* WHAT TO DO *
Take the material below and extract the lines from the one with "[説明書欠品] 1/144 HG" through the one with "Farol completo YBR125", word for word, without pictures.
____ EXTRACTED RECORDS
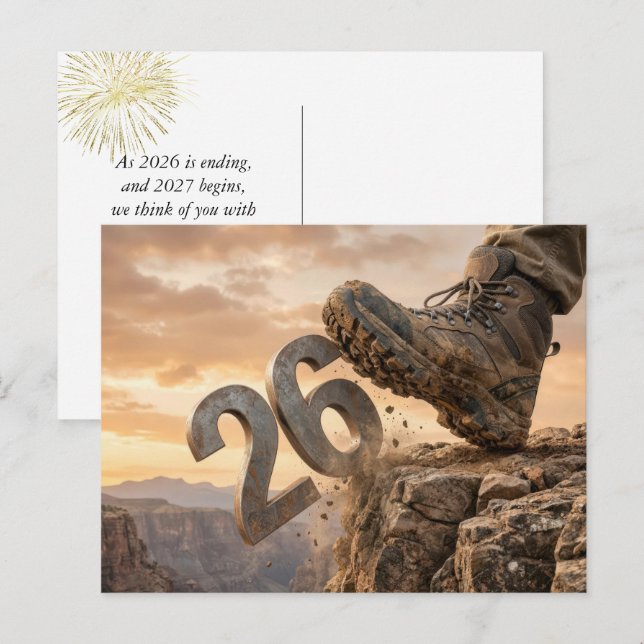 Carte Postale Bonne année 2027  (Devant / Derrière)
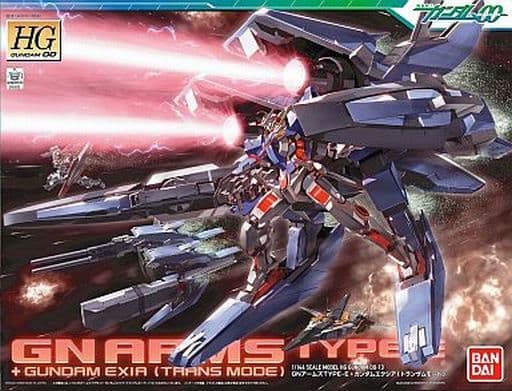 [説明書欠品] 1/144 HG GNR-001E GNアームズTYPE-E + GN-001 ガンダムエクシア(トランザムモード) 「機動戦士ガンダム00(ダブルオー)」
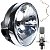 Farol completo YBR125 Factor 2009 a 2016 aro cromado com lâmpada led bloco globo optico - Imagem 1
________
____ EXTRACTED RECORDS
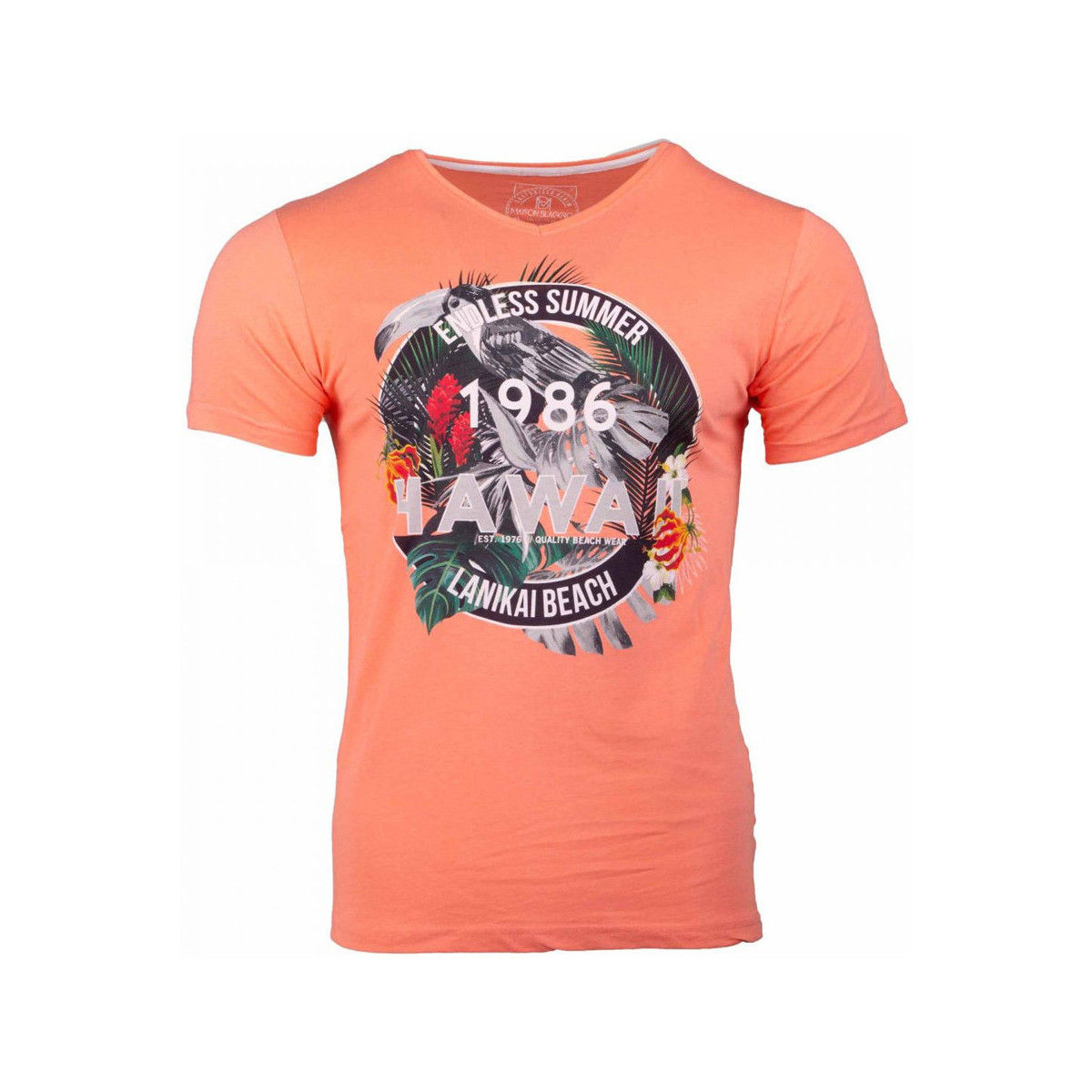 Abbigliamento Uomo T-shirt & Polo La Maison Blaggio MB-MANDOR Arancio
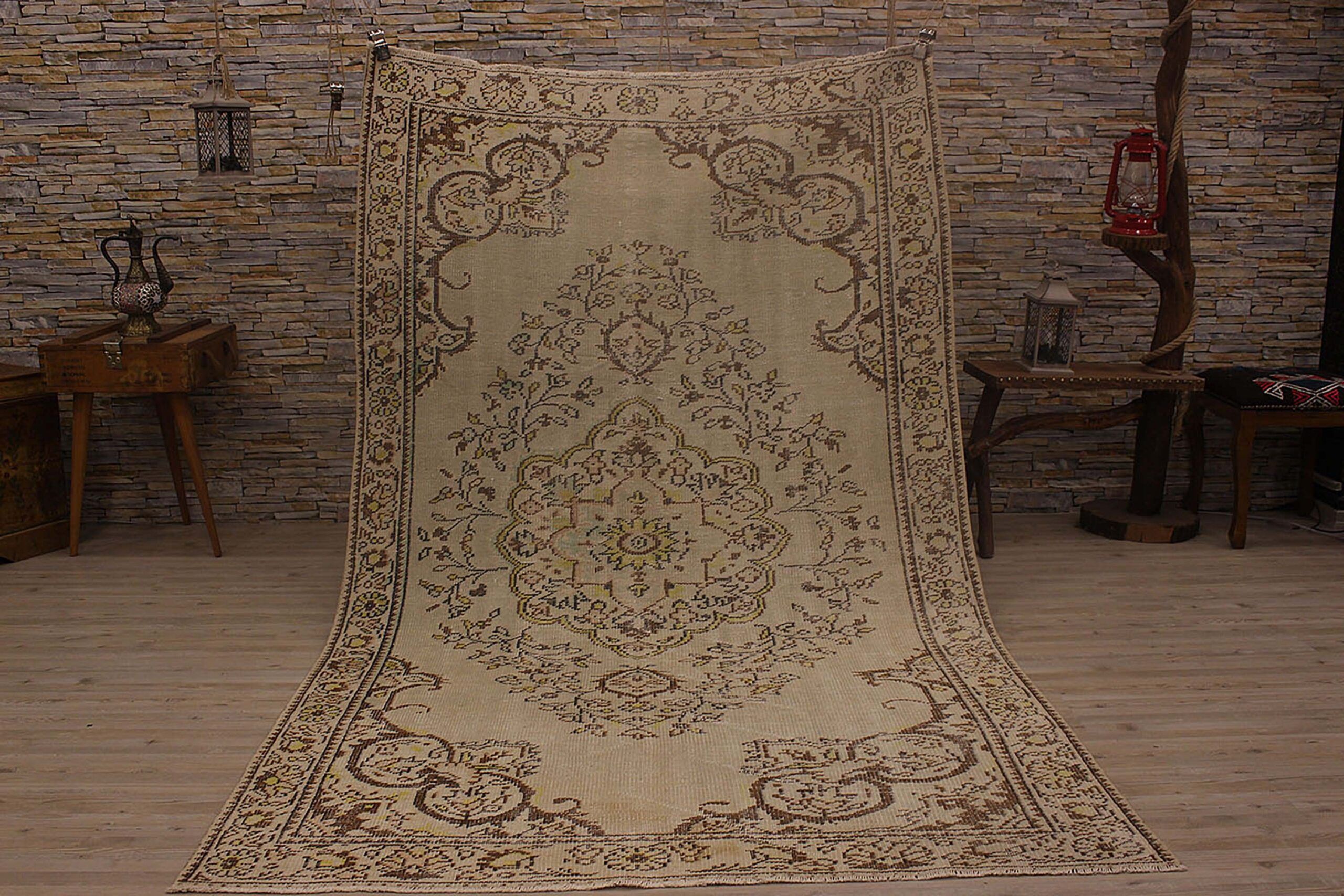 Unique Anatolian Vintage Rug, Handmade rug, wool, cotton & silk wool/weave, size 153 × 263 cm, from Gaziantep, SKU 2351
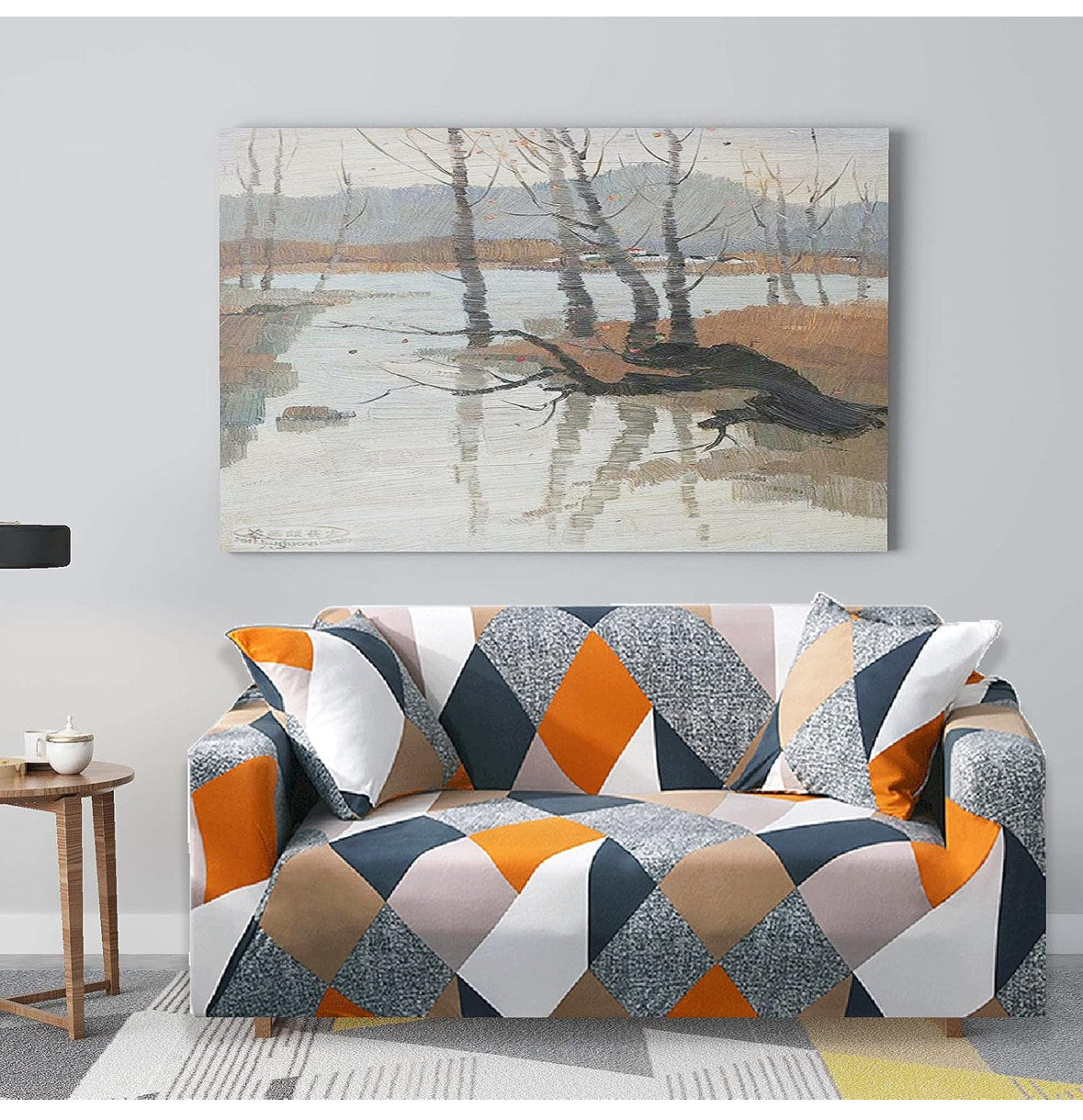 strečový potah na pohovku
________
* RESPONSE AREA *
 [説明書欠品] 1/144 HG GNR-001E GNアームズTYPE-E + GN-001 ガンダムエクシア(トランザムモード) 「機動戦士ガンダム00(ダブルオー)」
 Farol completo YBR125 Factor 2009 a 2016 aro cromado com lâmpada led bloco globo optico - Imagem 1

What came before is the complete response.